If check_predictions()
doesn't work as expected, try setting
verbose = TRUE
to get hints about possible problems.
Usage
check_predictions(object, ...)
# Default S3 method
check_predictions(
object,
iterations = 50,
check_range = FALSE,
re_formula = NULL,
bandwidth = "nrd",
type = "density",
verbose = TRUE,
...
)
Arguments
- object
A statistical model.
- ...
Passed down to
simulate()
.- iterations
The number of draws to simulate/bootstrap.
- check_range
Logical, if
TRUE
, includes a plot with the minimum value of the original response against the minimum values of the replicated responses, and the same for the maximum value. This plot helps judging whether the variation in the original data is captured by the model or not (Gelman et al. 2020, pp.163). The minimum and maximum values ofy
should be inside the range of the related minimum and maximum values ofyrep
.- re_formula
Formula containing group-level effects (random effects) to be considered in the simulated data. If
NULL
(default), condition on all random effects. IfNA
or~0
, condition on no random effects. Seesimulate()
in lme4.- bandwidth
A character string indicating the smoothing bandwidth to be used. Unlike
stats::density()
, which used"nrd0"
as default, the default used here is"nrd"

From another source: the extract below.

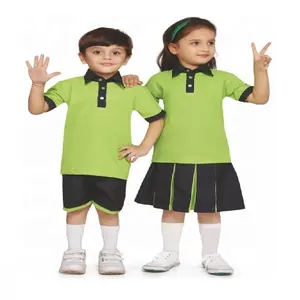 Uniformes deportivos para niños y niñas, camisetas con cuello de contraste y puños con pantalones cortos y falda, conjunto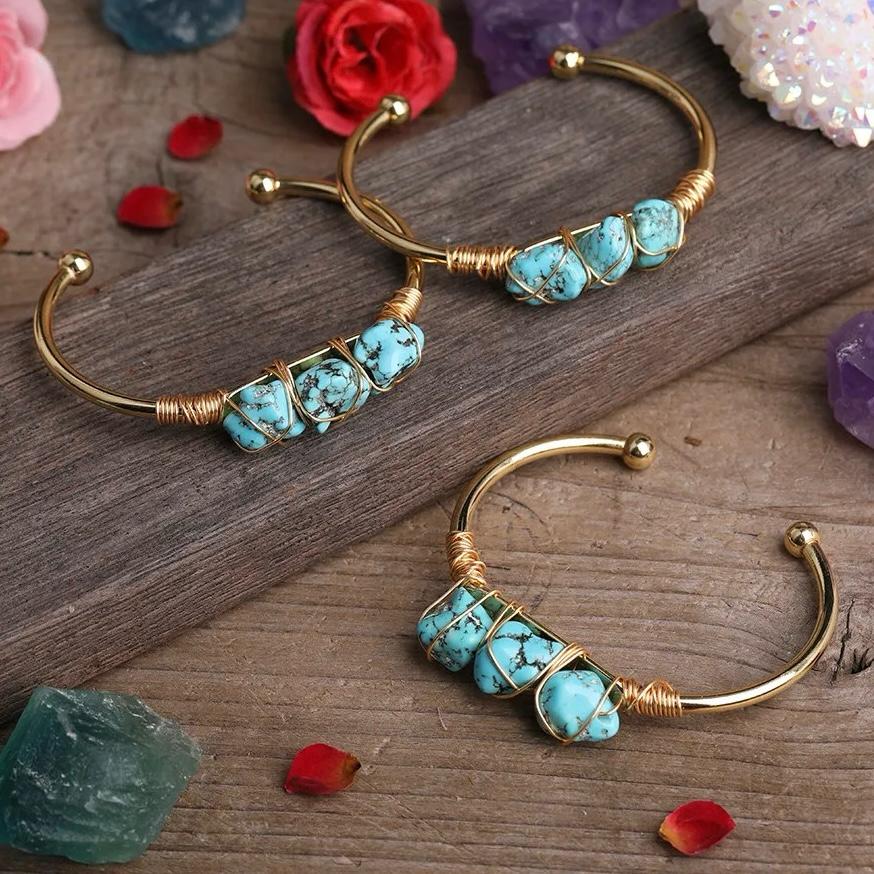 Natural Turquoise Stone Wire Wrapped Gold Plated Design Bracelet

(which seems to give more plausible results for non-Gaussian models). When problems with plotting occur, try to change to a different value.- type
Plot type for the posterior predictive checks plot. Can be
"density"
,"discrete_dots"
,"discrete_interval"
or"discrete_both"
(thediscrete_*
options are appropriate for models with discrete - binary, integer or ordinal etc. - outcomes).- verbose
Toggle warnings.
Details
An example how posterior predictive checks can also be used for model comparison is Figure 6 from Gabry et al. 2019, Figure 6.

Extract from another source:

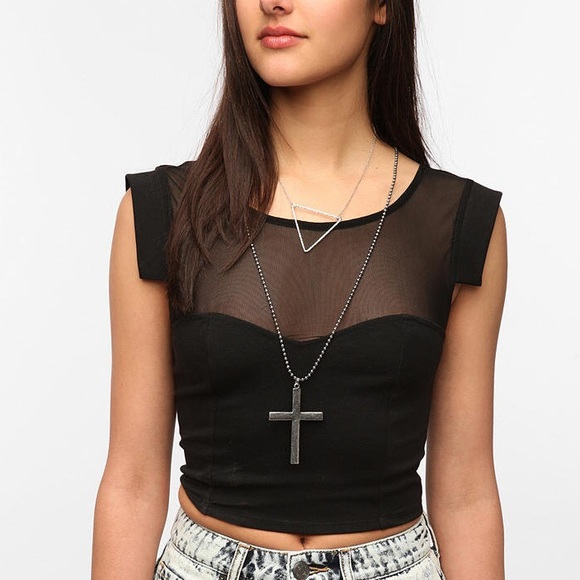 Anthropologie Tops - Silence + Noise Black Mesh Short Sleeve Crop Top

The model shown in the right panel (b) can simulate new data that are more
similar to the observed outcome than the model in the left panel (a). Thus,
model (b) is likely to be preferred over model (a).
Note
Every model object that has a simulate()
-method should work with
check_predictions()
. On R 3.6.0 and higher, if bayesplot (or a
package that imports bayesplot such as rstanarm or brms)
is loaded, pp_check()
is also available as an alias for check_predictions()
.
If check_predictions()
doesn't work as expected, try setting verbose = TRUE
to get hints about possible problems.
References
Gabry, J., Simpson, D., Vehtari, A., Betancourt, M., and Gelman, A. (2019). Visualization in Bayesian workflow. Journal of the Royal Statistical Society: Series A (Statistics in Society), 182(2), 389–402. https://doi.org/10.1111/rssa.12378
Gelman, A., and Hill, J. (2007). Data analysis using regression and multilevel/hierarchical models. Cambridge; New York: Cambridge University Press.

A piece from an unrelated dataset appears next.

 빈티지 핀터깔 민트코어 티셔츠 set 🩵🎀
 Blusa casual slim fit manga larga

Gelman, A., Carlin, J. B., Stern, H. S., Dunson, D. B., Vehtari, A., and Rubin, D. B. (2014). Bayesian data analysis. (Third edition). CRC Press.
Gelman, A., Hill, J., and Vehtari, A. (2020). Regression and Other Stories. Cambridge University Press.
See also
simulate_residuals()
and check_residuals()
. See also
see::print.see_performance_pp_check()
for options to customize the plot.
Other functions to check model assumptions and and assess model quality:
check_autocorrelation()
,
check_collinearity()
,
check_convergence()
,
check_heteroscedasticity()
,
check_homogeneity()
,
check_model()
,
check_outliers()
,
check_overdispersion()
,
check_singularity()
,
check_zeroinflation()
Examples
if (FALSE) { # insight::check_if_installed("see", minimum_version = "0.9.1", quietly = TRUE)
# linear model
model <- lm(mpg ~ disp, data = mtcars)
check_predictions(model)
# discrete/integer outcome
set.seed(99)
d <- iris
d$skewed <- rpois(150, 1)
model <- glm(
skewed ~ Species + Petal.Length + Petal.Width,
family = poisson(),
data = d
)
check_predictions(model, type = "discrete_both")
}